The introduction should have been a warning -- it consists of a few brief paragraphs, written with all the care of a high school student on deadline, about how the cover of the first Eclipse book wasn't so great but this new cover is just super. It reads almost as a joke, especially considering how dopey the cover actually is.
The stories that follow are almost uniformly dull. Ellen Klages' childhood mystery aims for Stephen King but goes nowhere, Peter S. Beagle's grief-stricken wish-fulfillment tale has zero gravitas, Daniel Abraham's story of a magic sword is just ridiculous. The first piece in the collection, about a young girl trapped in a horror-story juvenile prison, is just plain icky.
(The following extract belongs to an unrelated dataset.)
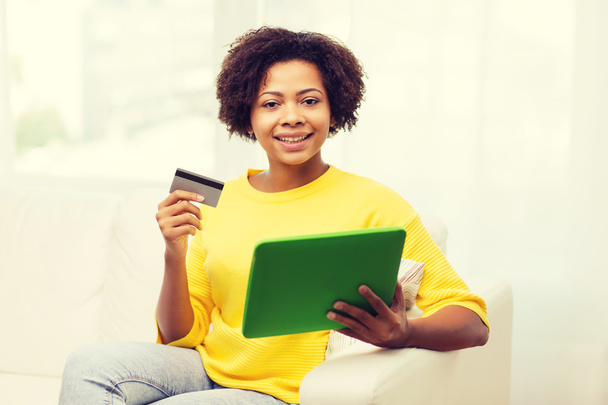 Szczęśliwa kobieta z komputera typu tablet i karty kredytowej - Zdjęcie, obraz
There's also an odd theme: not one, not two, but three stories center on woman-on-woman love, and while I applaud inclusiveness, there's a disturbing exploitativeness and an almost pornographic feel to all of them--more "male gaze" than diverse post-feminism. One story, for instance, fantasizes about a beautiful stripper tricked chemically into falling for another woman, a tale more appropriate to Penthouse Forum.
I can't emphasize enough how tolerant I am of corny sci-fi, and I'm forgiving of sloppy style or inept characterization if there are some intriguing ideas at play in a story. But Eclipse 3 was too silly, and weirdly prurient, even for me, and I finished the collection deeply disappointed. Skip it.